Source data>
○ ○ ○
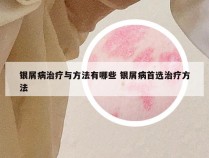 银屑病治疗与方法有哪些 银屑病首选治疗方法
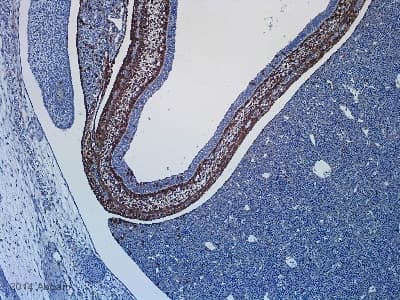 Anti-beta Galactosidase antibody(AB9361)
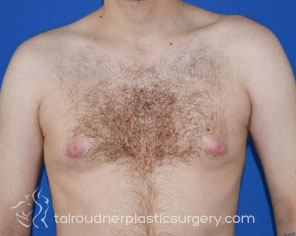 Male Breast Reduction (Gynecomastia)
○ ○ ○
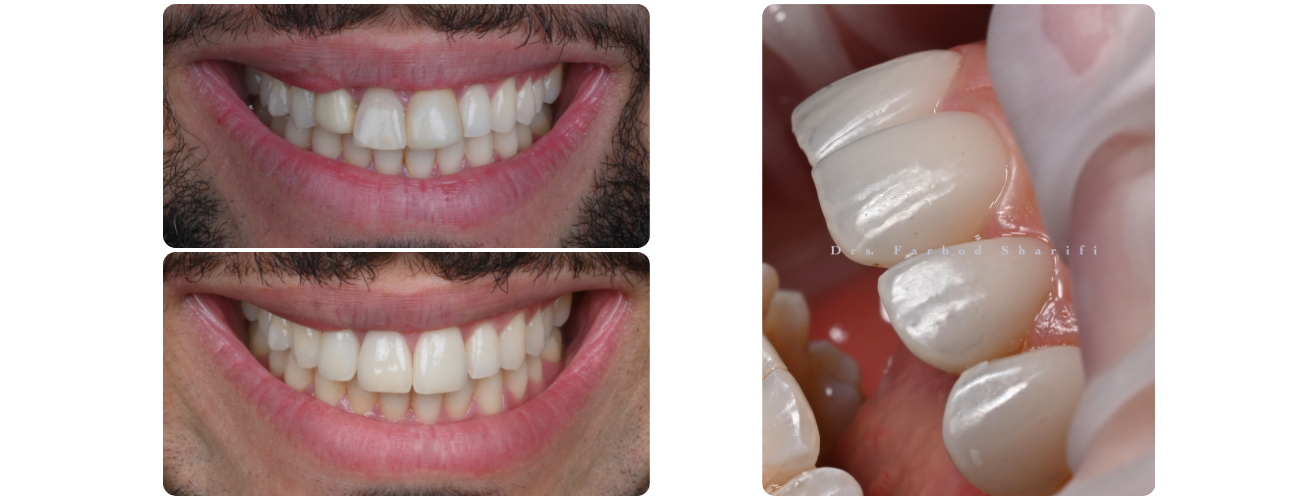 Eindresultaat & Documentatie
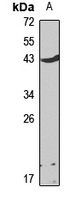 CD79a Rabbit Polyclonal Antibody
○ ○ ○
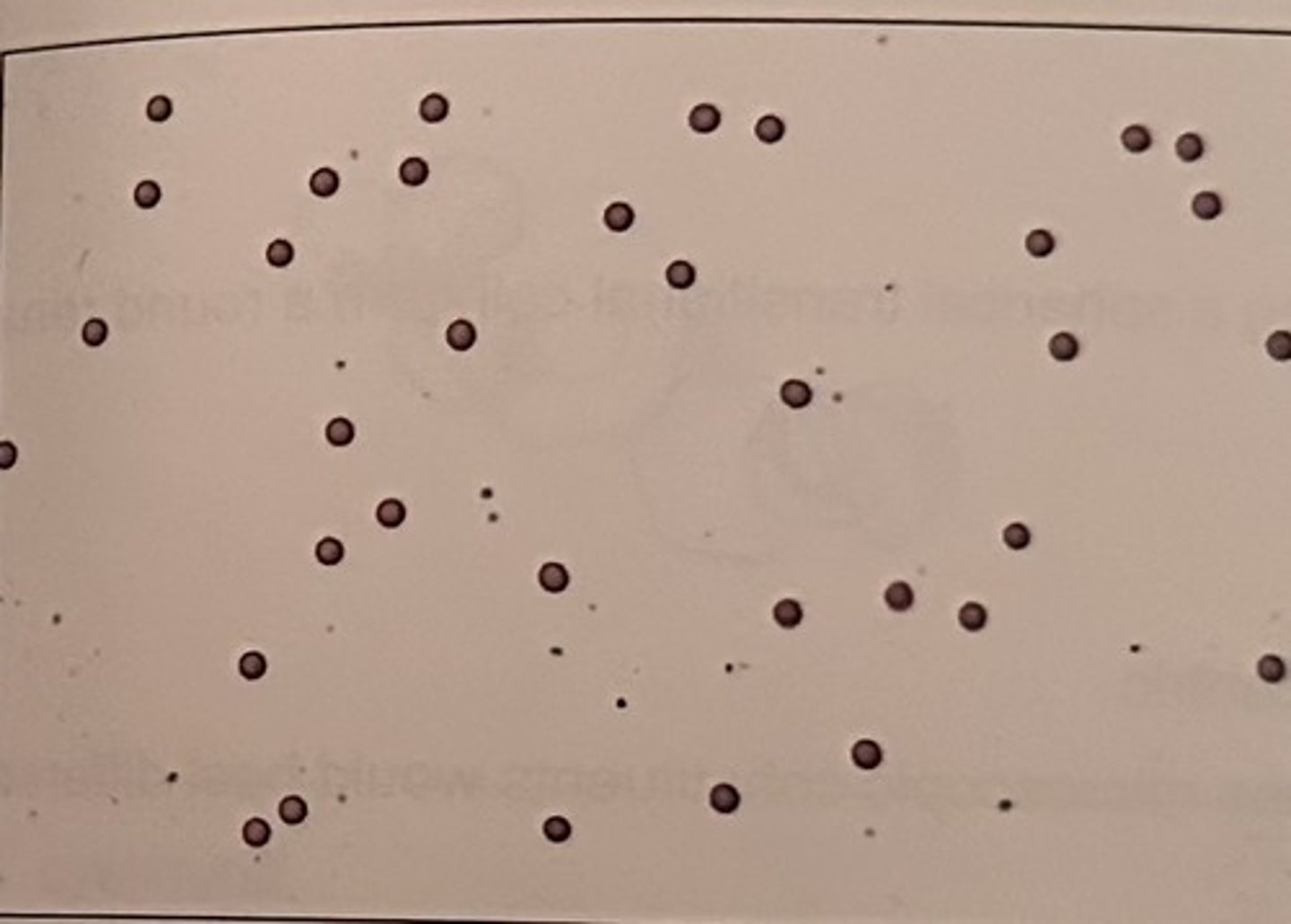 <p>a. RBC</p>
○ ○ ○
Description of the task> Reproduce exactly the lines above starting at the line containing "Anti-beta Galactosidase antibody(AB9361)" and ending at the line containing "Male Breast Reduction (Gynecomastia)", including both, but not the pictures.

Expected answer>
 Anti-beta Galactosidase antibody(AB9361)
 Male Breast Reduction (Gynecomastia)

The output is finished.